Embora o parágrafo 16, do artigo 4, da Lei que trata da organizações criminosas (Lei nº 12.850 de 2013) diga expressamente que “nenhuma sentença condenatória será proferida com fundamento apenas nas declarações de agente colaborador”, não foram poucos os processos nos quais isso ocorreu.
Em clara afronta à lei e à Constituição da República, não apenas foram proferidas condenações fundadas apenas na palavra suspeita de delatores, como com base apenas nessas palavras, procuradores e juízes lavajateiros não se sentiam constrangidos requerer e em determinar conduções coercitivas, prisões temporárias e preventivas.
Todas essas graves ilegalidades e violações da Constituição só se tornaram possíveis em razão de uma completa blindagem dos meios de comunicação e de parte da Suprema Corte e do sistema político.
O autoritarismo e os crimes praticados pelo juiz Sergio Moro e por procuradores da lava jato foram tolerados e até hoje são exaltados, bastando, para comprová-lo, ler a última entrevista do ministro Barroso.
No entanto, a decisão do STF que absolveu a senadora Gleise Hoffmann na noite de ontem e a que proibiu conduções coercitivas sem a tentativa de intimação prévia, podem se tornar um importante divisor de águas para reestabelecer a validade da Constituição e do Código de Processo Penal, como norte da atuação estatal no sistema de justiça criminal como instrumentos de garantia do cidadão contra o arbítrio e a violência praticada por agentes estatais.
Infelizmente, muitas prisões preventivas ilegais, conduções coercitivas (somente na lava jato foram mais de 200) e condenações injustas precisaram ser praticadas para que a Corte Suprema enfim exercesse o papel de guardiã da Constituição da República.
O ex-reitor da Universidade de Santa Catarina, Luiz Carlos Cancelier, foi vítima desse Estado Policial capitaneado por carrascos como Moro e Barroso.

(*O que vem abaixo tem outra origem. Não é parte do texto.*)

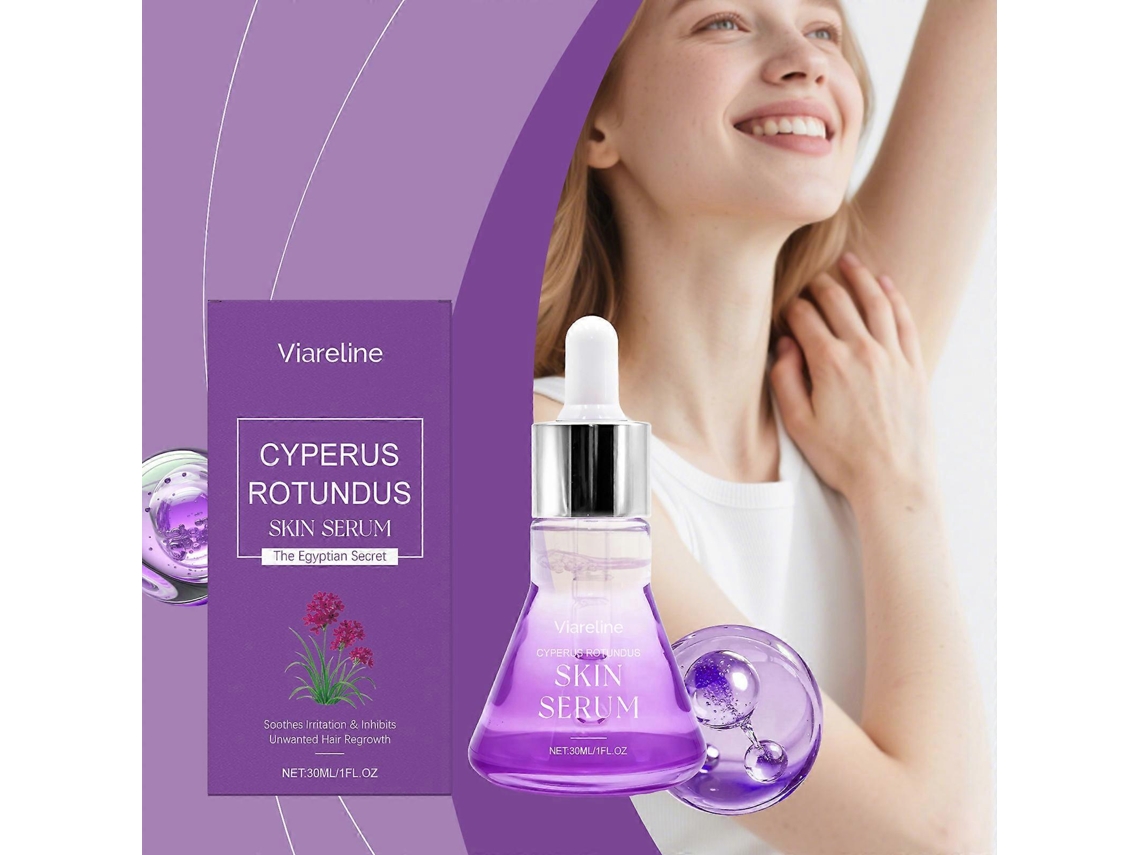 Sérum De Pele Viareline Cyperus Rotundus 1-3x, Óleo Natural Para Remoção De Cabelo E Cuidado Com Cabelo Encravado, Hidratação E Calmante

Dona Marisa Letícia, da mesma forma, foi vítima desse sistema e padeceu, não tenho dúvidas, muito em decorrência da desastrosa e ilegal condução coercitiva determinada por Moro em sua casa e pela implacável perseguição à sua família.
O Estado Policial defendido por esses tétricos personagens do sistema de justiça brasileiro é origem de dor, sofrimento e fonte inesgotável de injustiça. O exercício do poder punitivo, na democracia, tem regras e o desrespeito a elas gera insegurança e caos jurídico. É nisso que personagens como Moro e Barroso têm apostado. Disse, em outro artigo, que o juiz que determinou a esterilização de uma mulher pobre em Mococa se valeu de uma forma lavajateira de ação estatal: o exercício punitivo sem regras e baseado apenas em idiossincrasias.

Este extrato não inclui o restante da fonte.